Work instruction | Below, find the line containing "Baby Chic Junior" and the line containing "Ecksofa City Hellgrau"; reproduce exactly those two and every line between them, omitting pictures.

Material provided |
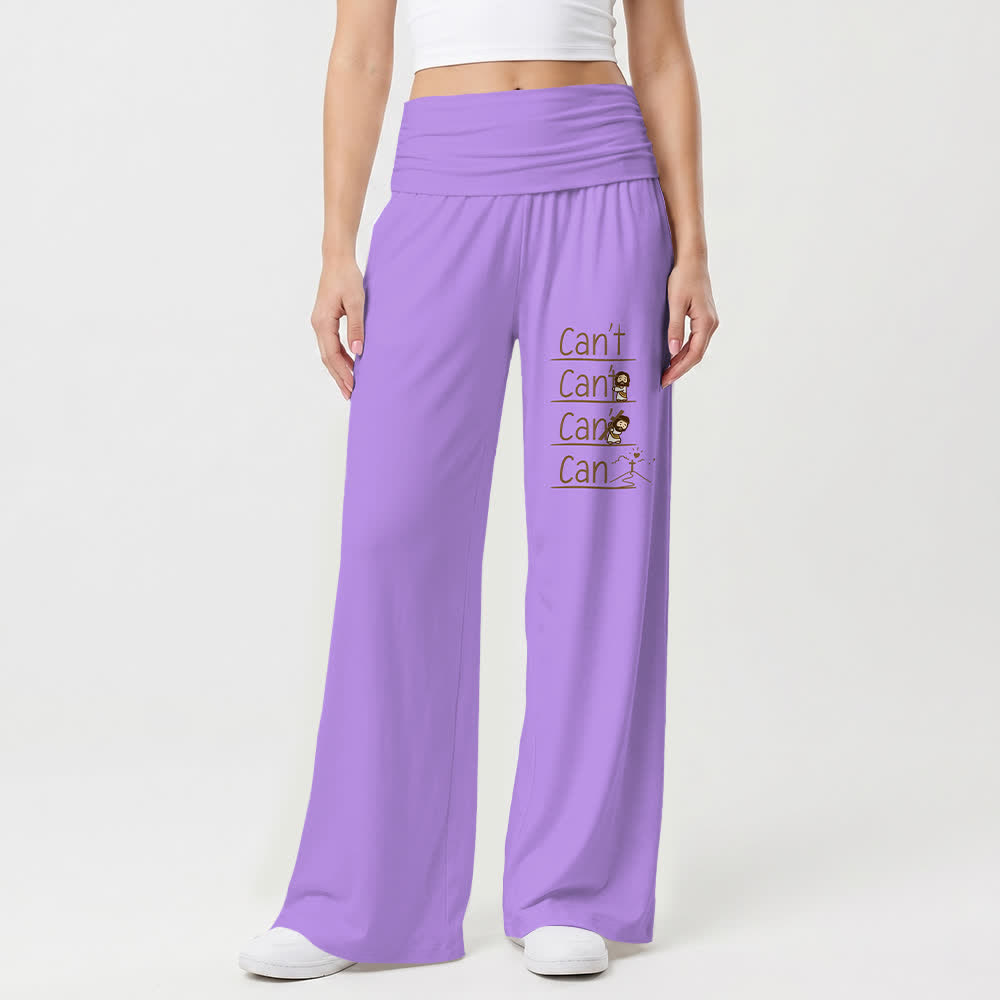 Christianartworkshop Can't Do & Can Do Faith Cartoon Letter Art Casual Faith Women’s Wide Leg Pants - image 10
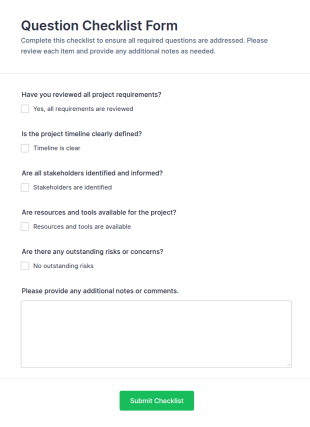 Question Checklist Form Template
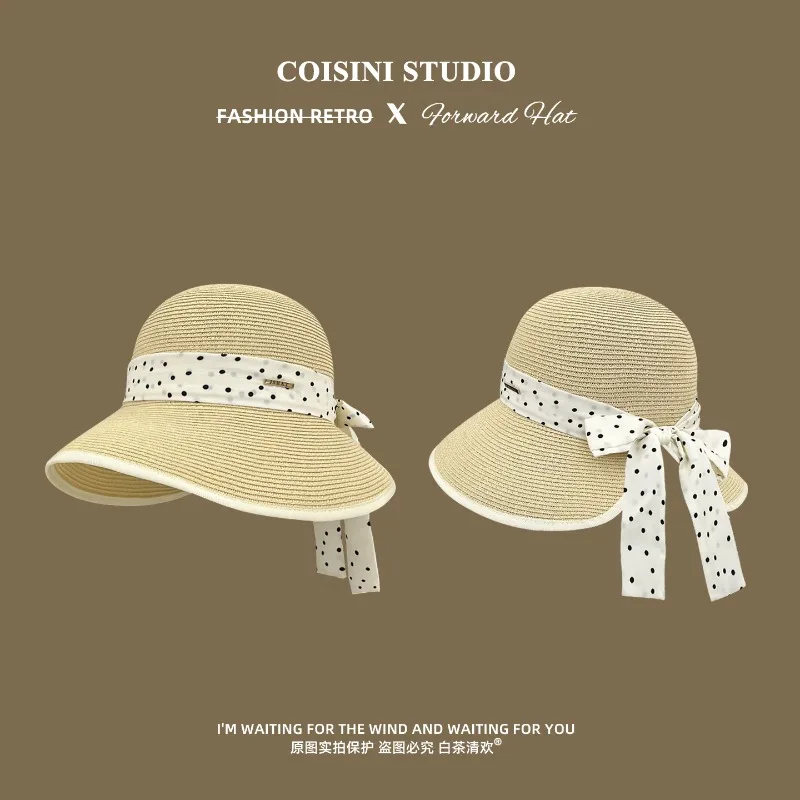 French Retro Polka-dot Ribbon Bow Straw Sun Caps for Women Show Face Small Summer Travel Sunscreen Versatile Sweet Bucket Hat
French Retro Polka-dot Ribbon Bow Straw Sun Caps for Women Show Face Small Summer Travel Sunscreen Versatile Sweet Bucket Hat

---

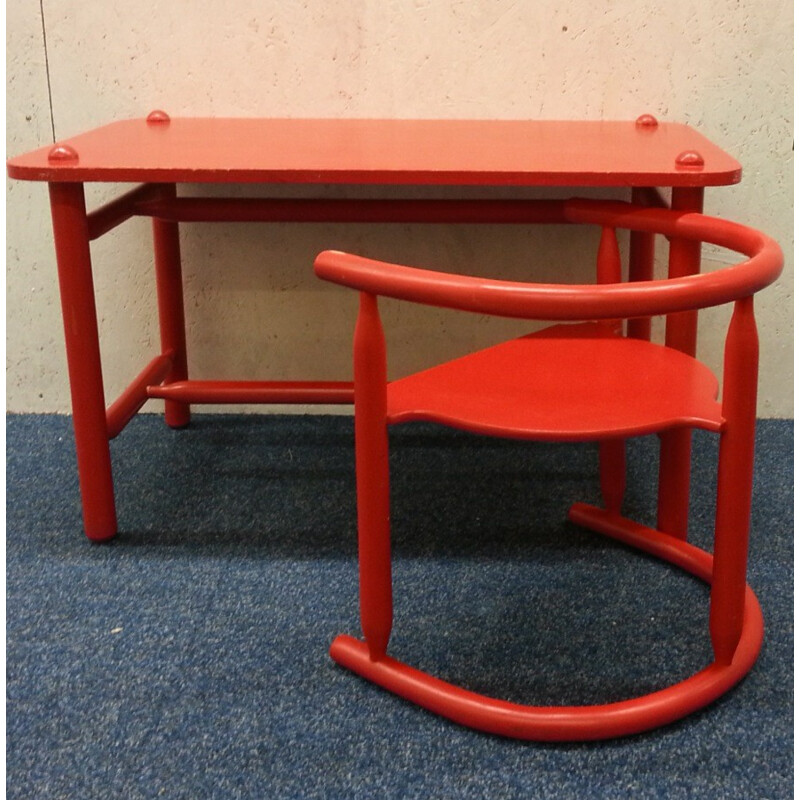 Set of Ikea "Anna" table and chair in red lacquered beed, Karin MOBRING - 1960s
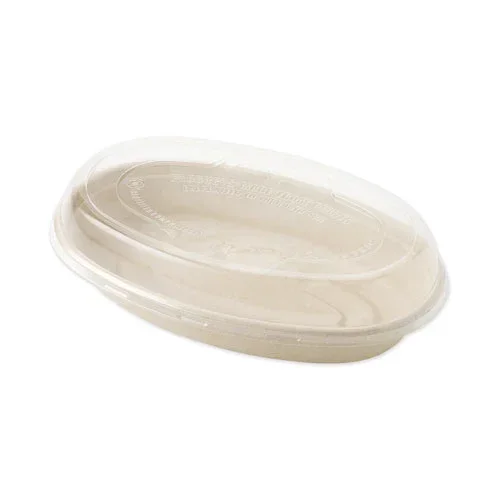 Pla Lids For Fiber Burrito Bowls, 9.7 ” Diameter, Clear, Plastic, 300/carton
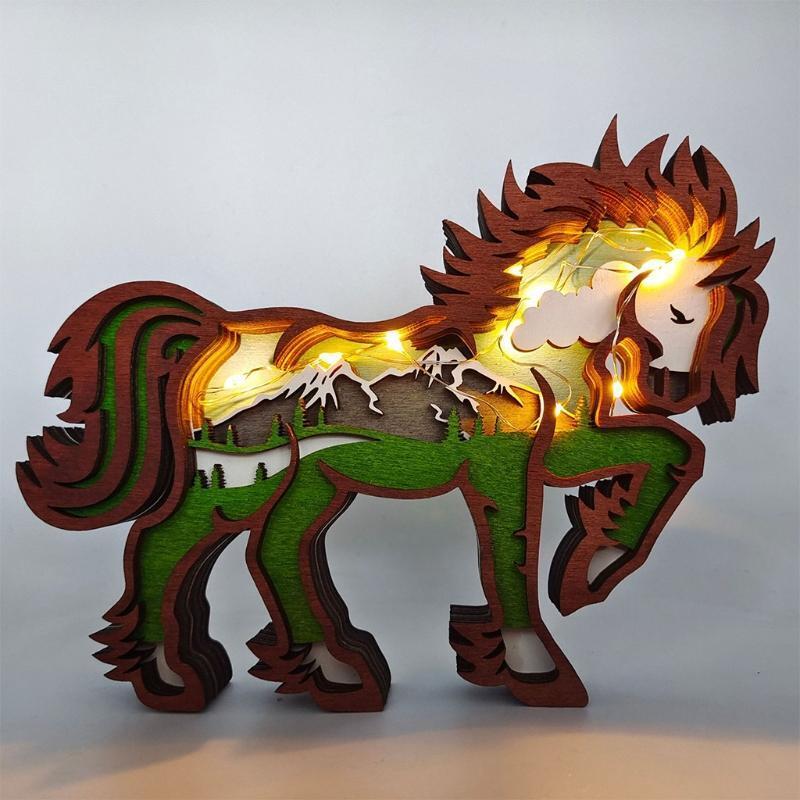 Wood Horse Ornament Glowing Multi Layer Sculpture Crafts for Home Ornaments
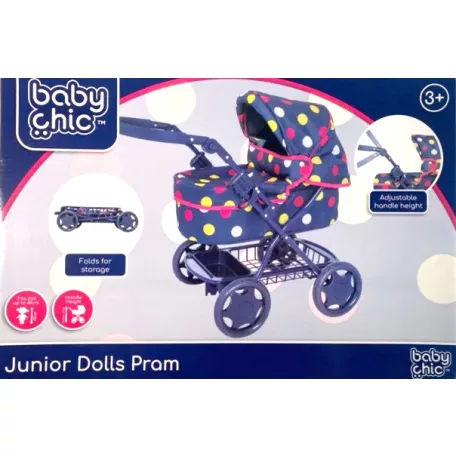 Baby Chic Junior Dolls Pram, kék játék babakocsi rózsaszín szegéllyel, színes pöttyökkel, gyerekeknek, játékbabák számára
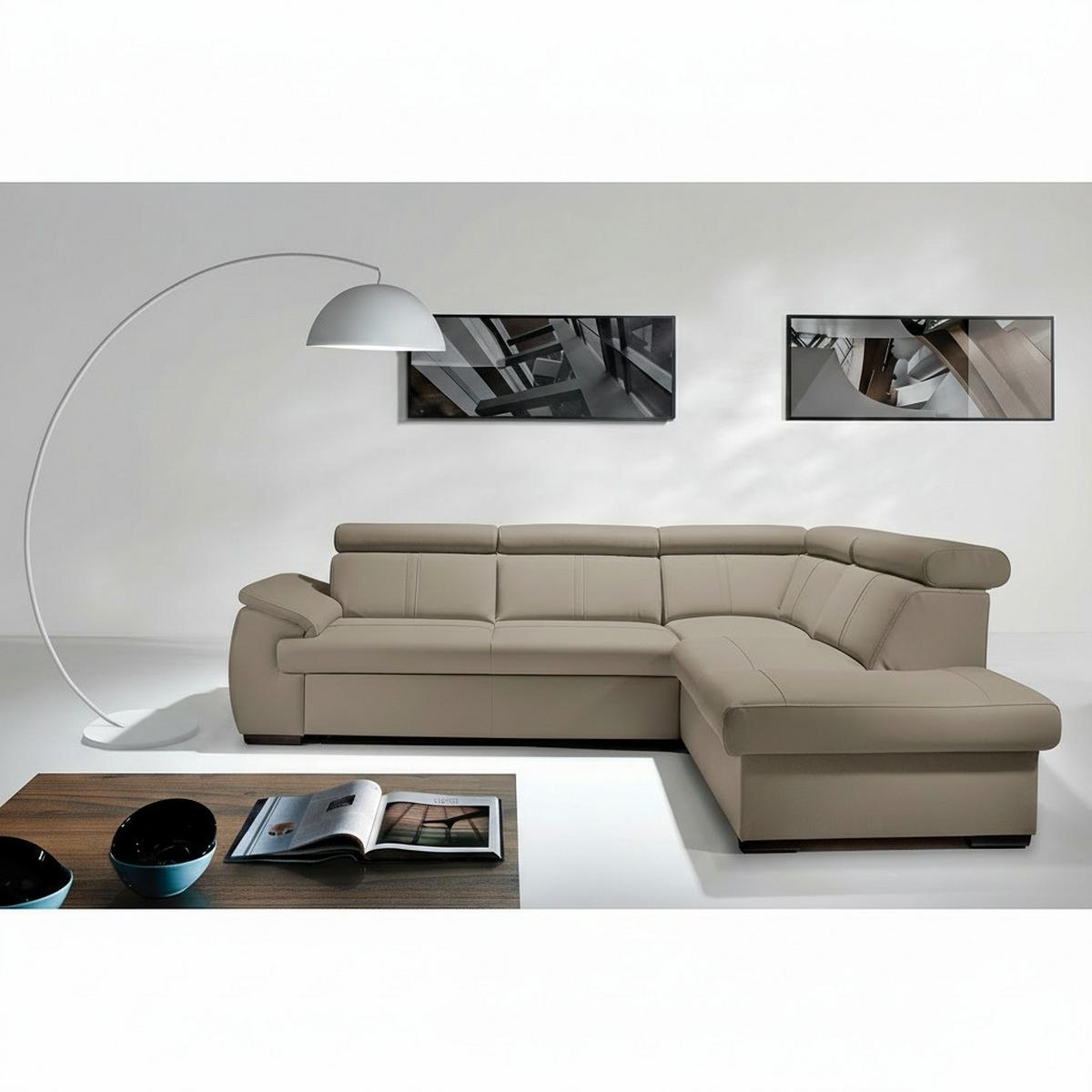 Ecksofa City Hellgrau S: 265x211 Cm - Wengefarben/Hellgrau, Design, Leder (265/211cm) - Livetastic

* * *

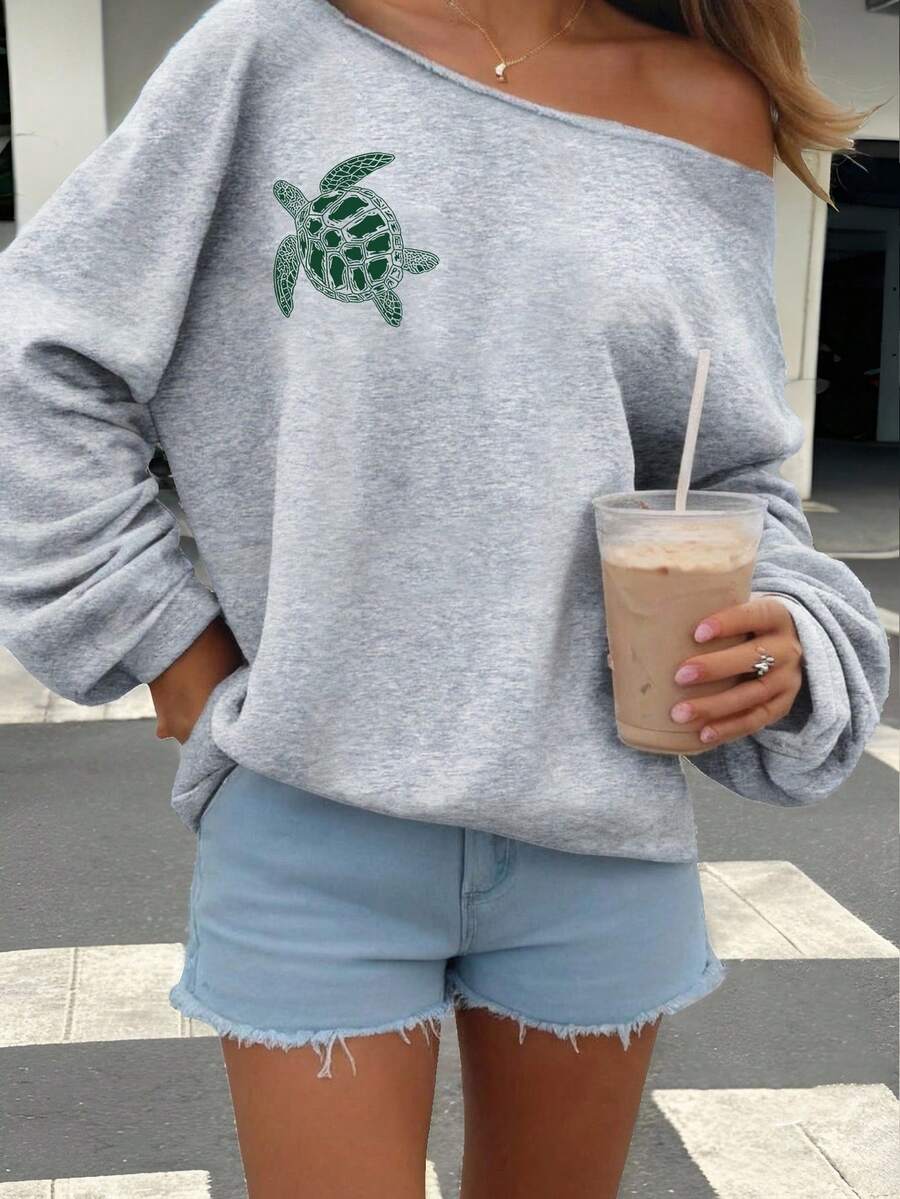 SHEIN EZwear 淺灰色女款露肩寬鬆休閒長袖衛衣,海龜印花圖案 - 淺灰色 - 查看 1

Output of the exercise |
 Baby Chic Junior Dolls Pram, kék játék babakocsi rózsaszín szegéllyel, színes pöttyökkel, gyerekeknek, játékbabák számára
 Ecksofa City Hellgrau S: 265x211 Cm - Wengefarben/Hellgrau, Design, Leder (265/211cm) - Livetastic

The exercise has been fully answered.